これは子育ての方針に限らず、あらゆる情報について起こることです。普通にしていると誰もが陥りやすいものですから、バランスのとれた考え方をするためには、意識して自分とは別の考え方を知る努力が必要になります。
ただ、子育てに関してはとくに確証バイアスが働きがちになります。子育てや家族の中のことは、まわりが口出ししにくいからです。
「お子さんの話をもうちょっと聞いてあげたらいいんじゃない?」などと周囲の人が思ったとしても、口に出せば「余計なお世話」と言われるでしょう。「うちにはうちの方針があるから」と言われたら、何も言えません。虐待などよほどのことがない限り、外からの介入が難しいのです。虐待にしても、「これはしつけだ」と言い張られたら、簡単に介入できるものでもありません。
こうして、家族というある意味閉鎖的な空間の中で「うちの子にはこれがいい」と確信を持ってしまうと、他の情報が入ってこなくなります。

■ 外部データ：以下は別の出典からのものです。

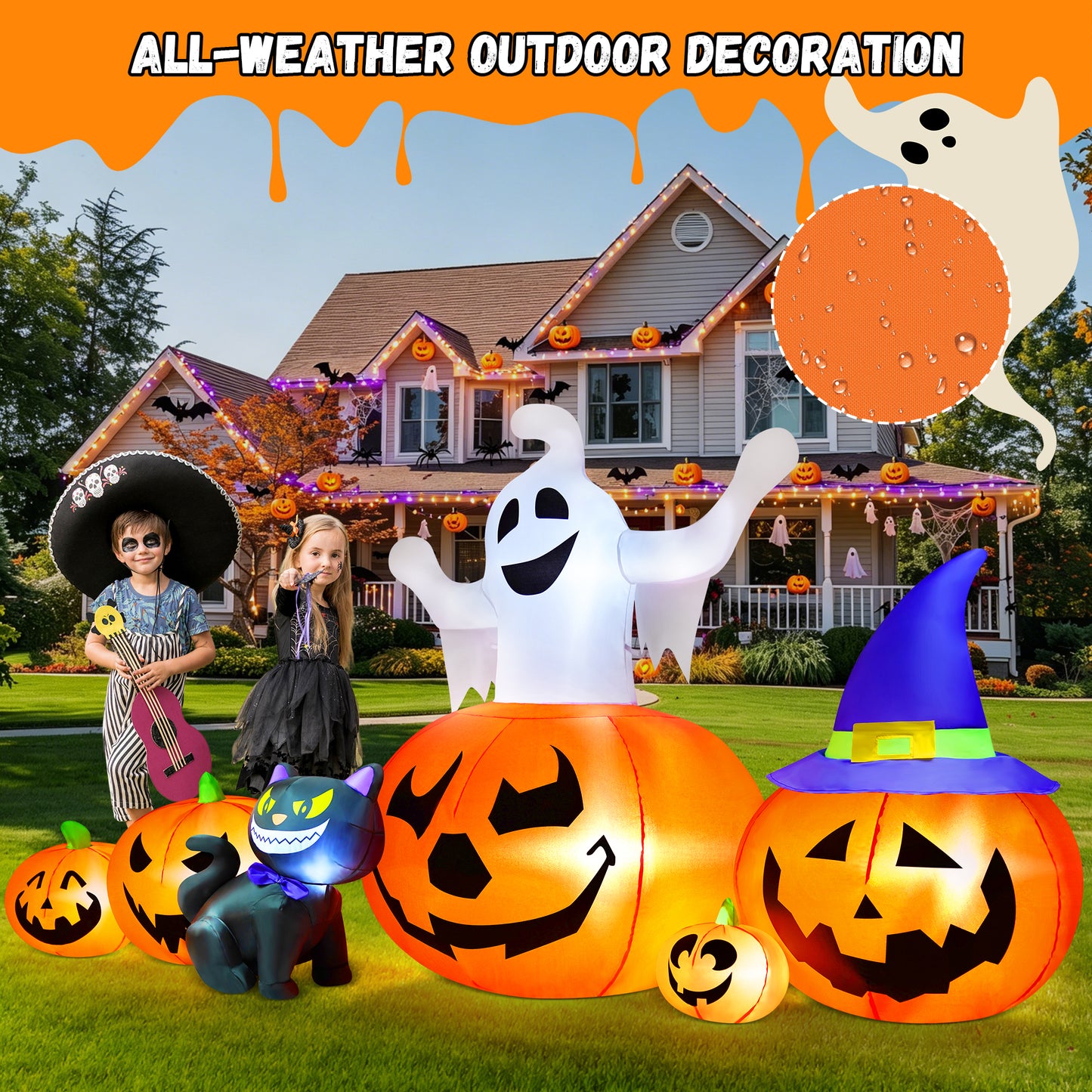 Yexmas 8FT Halloween Inflatable Decoration with Ghost, Black Cat and Pumpkins,Built-in LED Lights, Blow Up Halloween Yard Decor for Indoor/Outdoor Party,Yard, Lawn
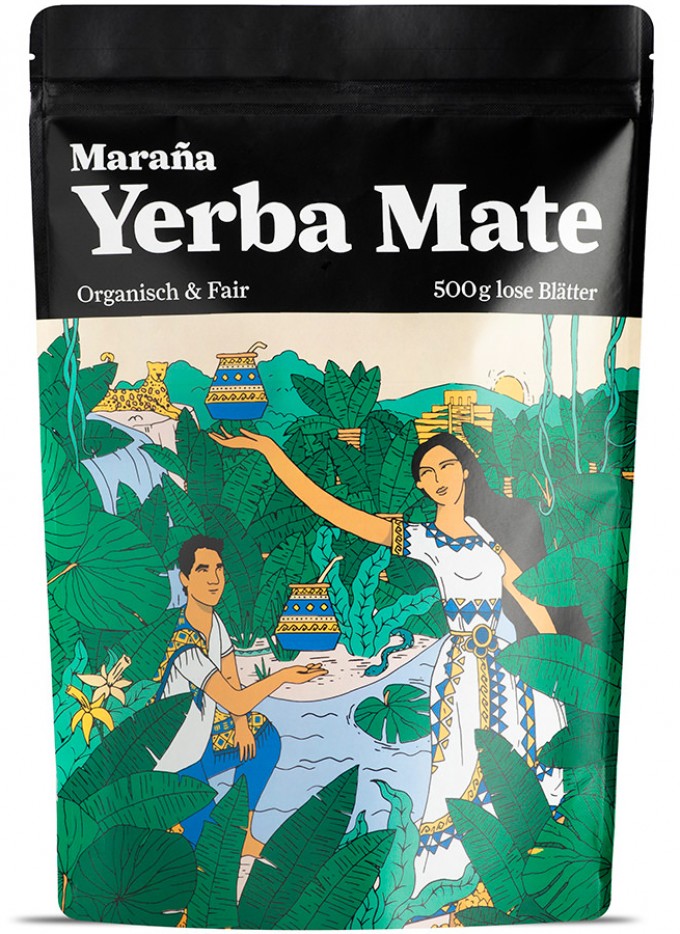 Maraña Bio Yerba Mate Tee Grün – Natürlicher Wachmacher und Energy Booster mit Koffein – 500g lose Blätter – Organisch & Fair Maraña Bio Yerba Mate Tee Grün – Natürlicher Wachmacher und Energy Booster mit Koffein – 500g lose Blätter – Organisch & Fair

すると、どうなるか。子どもの発するSOSにも気づかなくなります。
子どもは、「もっと自分を見てほしい」「認めてほしい」というときもそれをストレートに伝えることはなかなかできません。ちょっとした口答えや、やるべきことをやらなくなるなど、小さな変化で表現します。SOSはわかりにくいものなのです。確証バイアスが機能すると、こういった変化の意味を理解することなく、そのまま突っ走ってしまいます。そして、何かのきっかけで子どもは不満を爆発させます。
親の「よかれと思って」が非行・犯罪まで行き着くことになるのです。
もちろん、いまの子育て方針でうまくいくこともあるでしょう。問題ないのであればいいのです。ただ、確証バイアスが働きやすいことは知っておいてほしいと思います。